Brief descriptive captions >>
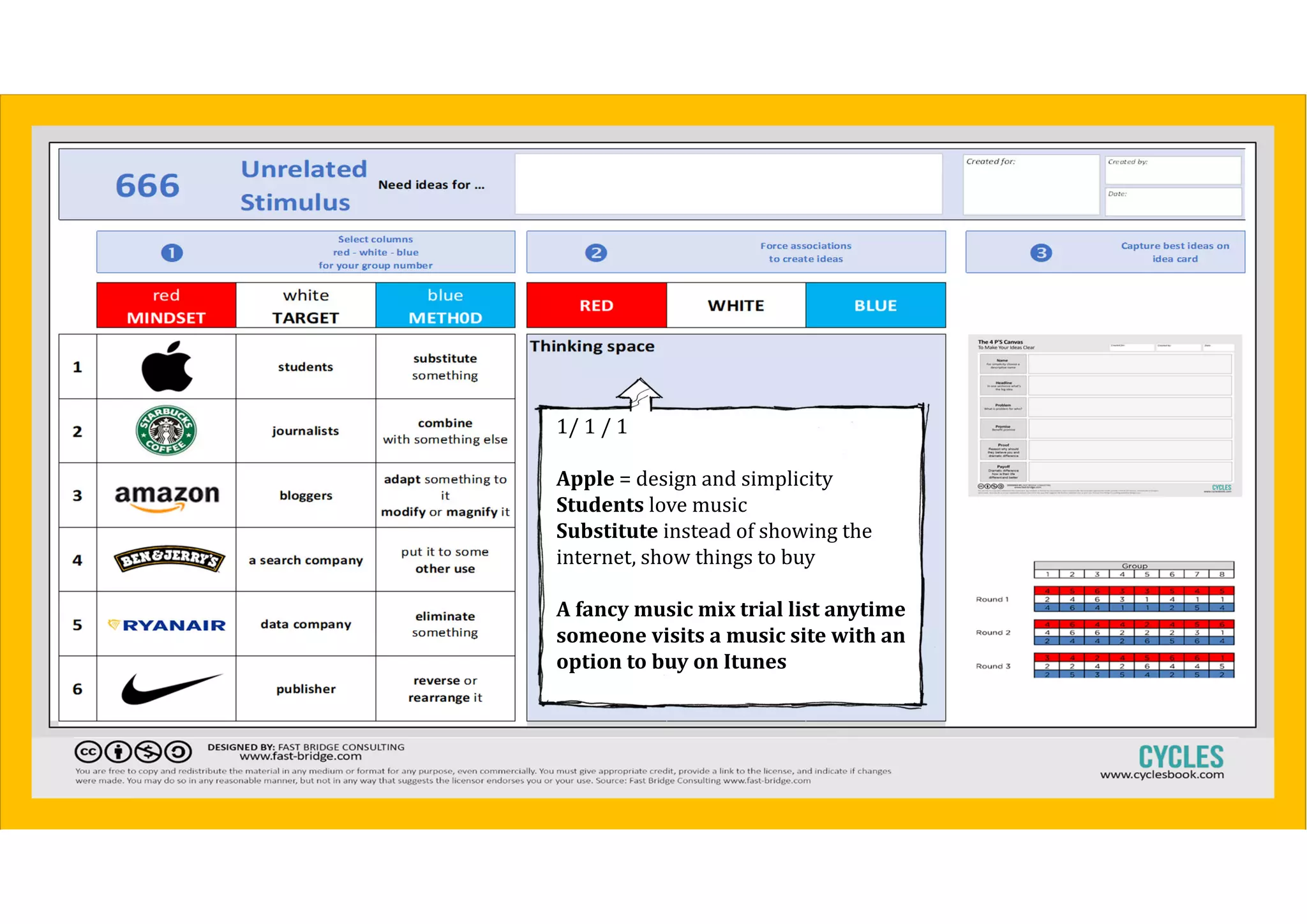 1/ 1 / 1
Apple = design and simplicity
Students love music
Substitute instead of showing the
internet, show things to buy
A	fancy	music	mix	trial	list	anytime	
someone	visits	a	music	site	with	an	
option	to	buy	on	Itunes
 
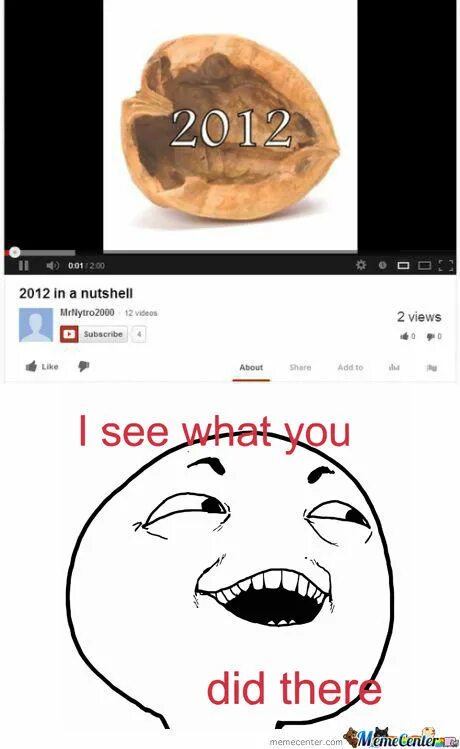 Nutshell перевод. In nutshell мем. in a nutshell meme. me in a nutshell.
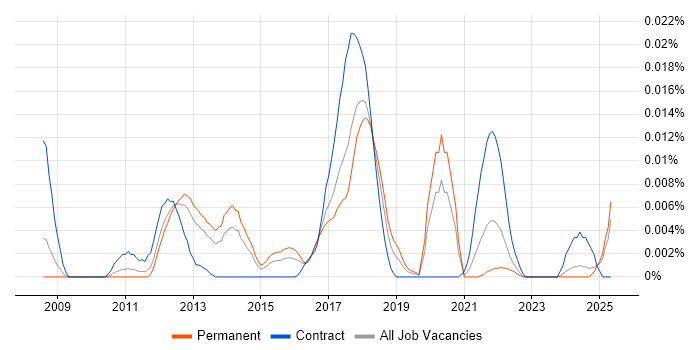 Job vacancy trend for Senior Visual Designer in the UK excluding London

WORK ORDER >> For this exercise, print all of the entries exactly as they appear, but without pictures.

ANSWER TO THIS PROBLEM >>
 1/ 1 / 1
Apple = design and simplicity
Students love music
Substitute instead of showing the
internet, show things to buy
A	fancy	music	mix	trial	list	anytime	
someone	visits	a	music	site	with	an	
option	to	buy	on	Itunes
 
 Nutshell перевод. In nutshell мем. in a nutshell meme. me in a nutshell.
 Job vacancy trend for Senior Visual Designer in the UK excluding London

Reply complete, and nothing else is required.